Hit records are not made like that any more, according to John Seabrook’s book, “The Song Machine”. Instead they are assembled from sounds honed on computers. It can take months. A specialist in electronic percussion does the beats. Another comes up with hooks, the short catchy bits. A third writes the melody. Everything is calibrated against what worked well on previous hits.
This brings us to Bill Gross, who founded PIMCO, the world’s biggest bond firm, and ran its market-beating Total Returns fund from 1987 until 2014. Mr Gross, who retired last month, is often called a rock-star fund manager. A new paper by Aaron Brown of New York University and Richard Dewey of Royal Bridge Capital, a hedge fund, gives him the “Song Machine” treatment, breaking his performance into constituent parts.

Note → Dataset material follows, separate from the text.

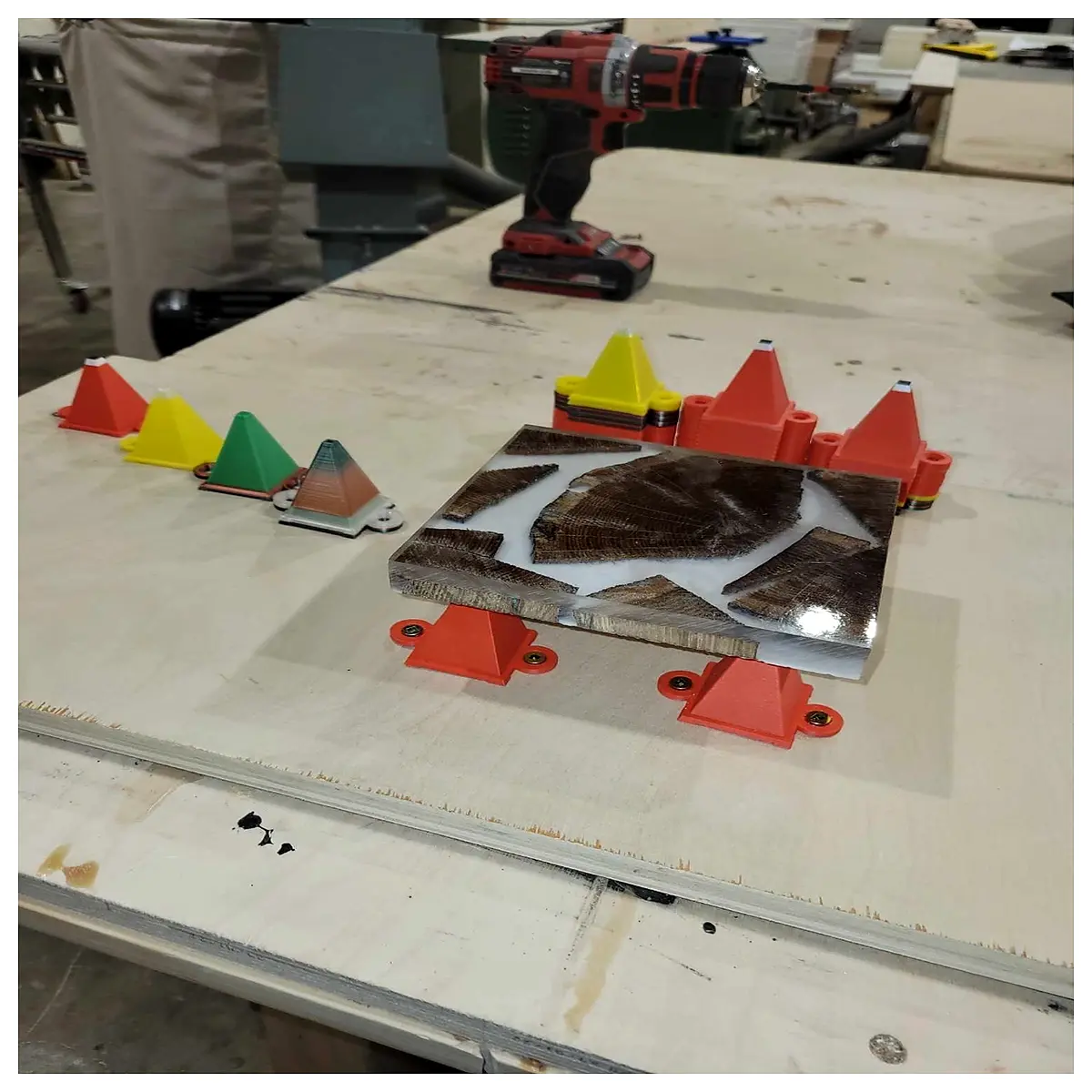 set of 10 cone shaped paint pyramids for kids arts crafts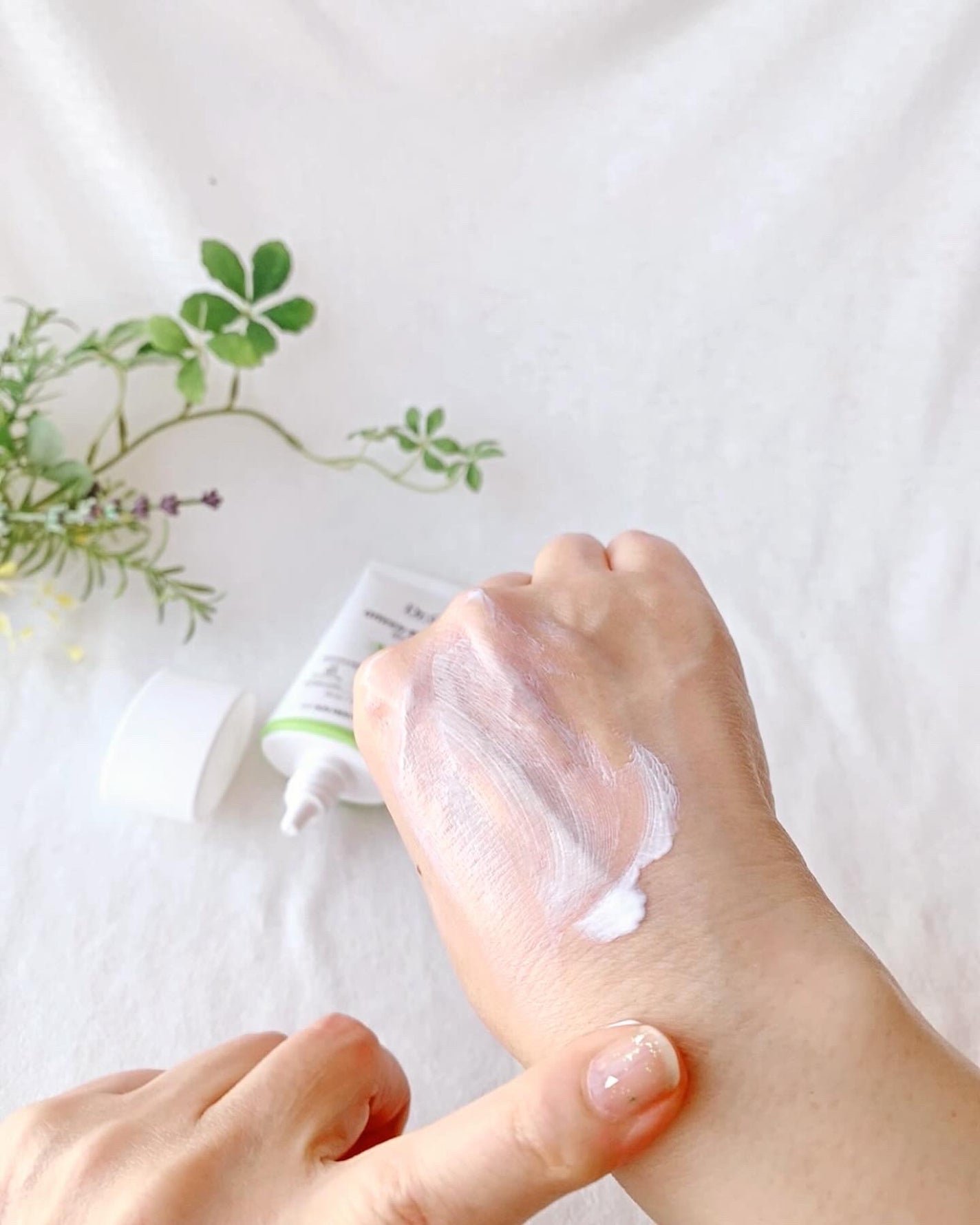 グリーンマイルドアップサンプラス/Dr.G/日焼け止めクリームを使ったクチコミ(2枚目)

It finds that even if you could simulate his strategy, a human factor would remain that algorithms cannot match. A Stones fan might call it inspiration. In finance, it is known as alpha.
What were Mr Gross’s trademark beats and hooks? He spoke of three. He took on more credit risk, buying bonds from issuers who might default, than would a bond manager tracking a benchmark index. He similarly loaded his portfolio with mortgage-backed bonds. His third signature trade relied on the shape of the yield curve. A five-year bond will usually have a higher yield (and lower price) than a four-year bond. Bonds therefore become more valuable as time passes. As a five-year bond yielding, say, 6% becomes a four-year bond yielding 5%, its price goes up. Mr Gross’s trick was to isolate the sweet spot where this “roll-down” is strongest—around the five-year mark—and hold more of those bonds. He offset this by holding fewer 30-year bonds, where roll-down is weak.
Messrs Brown and Dewey compiled simple trading rules to mimic these elements. They then undertook a statistical exercise to gauge how far they explain Mr Gross’s excess return. Even when you allow for these factors, they find he still beats the index. He had the magic alpha.
The template for this kind of analysis is “Buffett’s Alpha”, a paper in 2013 by Andrea Frazzini, David Kabiller and Lasse Pederson. It found that the market-beating performance of Warren Buffett, the Beatles to Mr Gross’s Stones, could have been matched by an investor following a well-defined strategy, a core part of which was buying “value” stocks (ie, those with low prices relative to the worth of a firm’s assets). Their conclusion is a tad reductive for some tastes—like saying anyone with an Apple Mac could come up with “Satisfaction”. Mr Buffett was able to identify a winning strategy and to stick with it, which is not easy. But the main goal of these exercises is to show that systematic investing can work well.
It appears, though, that Mr Gross did something that could not easily be replicated. Whatever his edge, it was just as well he had it, argue Messrs Brown and Dewey. When you think you have a market-beating strategy, it is wise to ask, “If I am to win, who loses?” A value investor of the Buffett stamp wins because of other investors’ tendency to extrapolate the initial success of “growth” stocks and overpay for them. Similarly, Mr Gross’s roll-down trade may work because excess demand for long-dated bonds from certain kinds of investors with long-term liabilities leaves that end of the yield curve rather flat.
Profiting from the errors of others is what skilful investors do. But two of Mr Gross’s strategies involved taking on extra risks that a lot of bond investors would prefer not to bear. Credit securities and mortgage bonds give a little extra return compared to safe government bonds. But from time to time they inflict big losses. An investor who makes better returns by taking on such risks is not demonstrating skill, say the authors.
Even the most talented rock stars take risks. Keith Richards took enough illicit drugs to fell a herd of bison. He lived to tell the tale. Mr Gross’s riskier bets also paid off. But as Messrs Brown and Dewey argue, the risk of catastrophic loss that comes with these strategies is hard to gauge upfront. Things might have gone differently. As Mr Richards has noted, a lot of rock stars don’t survive.